● **Exercise objective**
Give the data again exactly, without images.

Excerpts from a dataset:
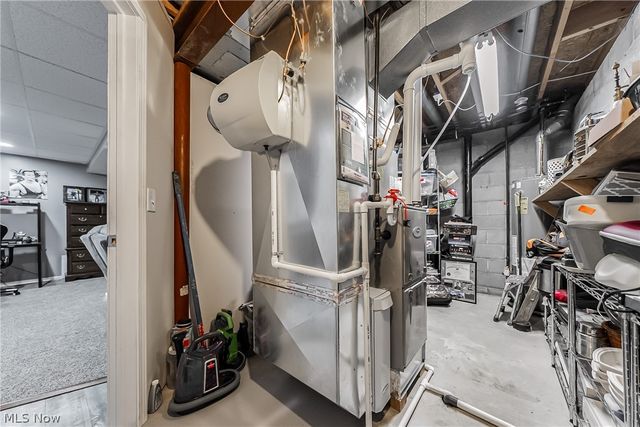 370 Lear Road, Avon Lake, OH 44012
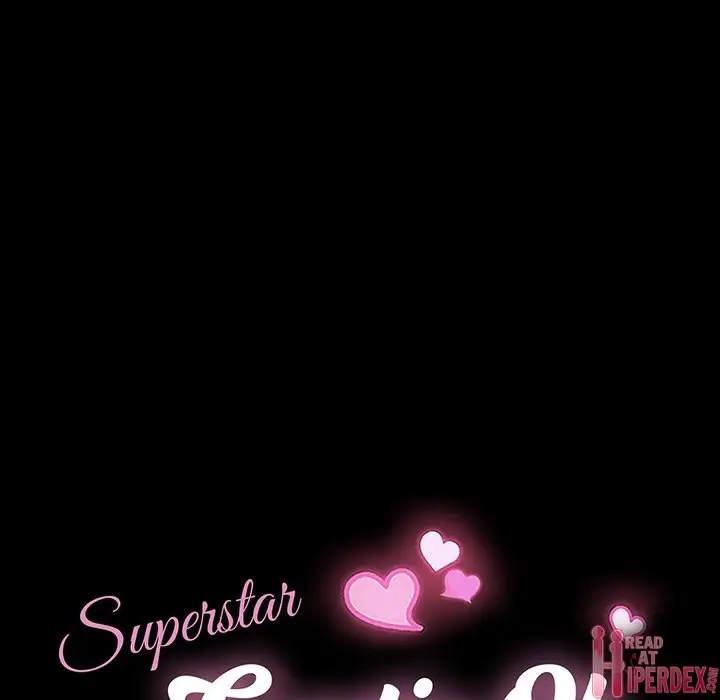 image-komik-superstar-cynthia-oh-chapter-23-12/159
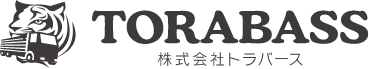 株式会社トラバース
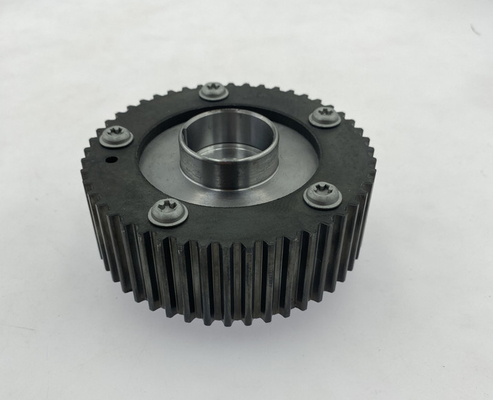 Eixo de cames variável Phaser 04E109088AD 04E109088AL 04E109088M da VW AUDI EA111 1.4T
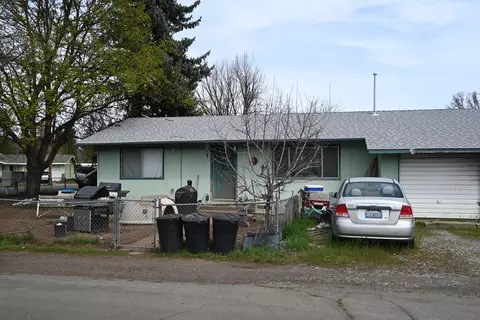 37176 78 Superior Ave, Burney, CA 96013 photo 1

● **Answer space**
 370 Lear Road, Avon Lake, OH 44012
 image-komik-superstar-cynthia-oh-chapter-23-12/159
 株式会社トラバース
 Eixo de cames variável Phaser 04E109088AD 04E109088AL 04E109088M da VW AUDI EA111 1.4T
 37176 78 Superior Ave, Burney, CA 96013 photo 1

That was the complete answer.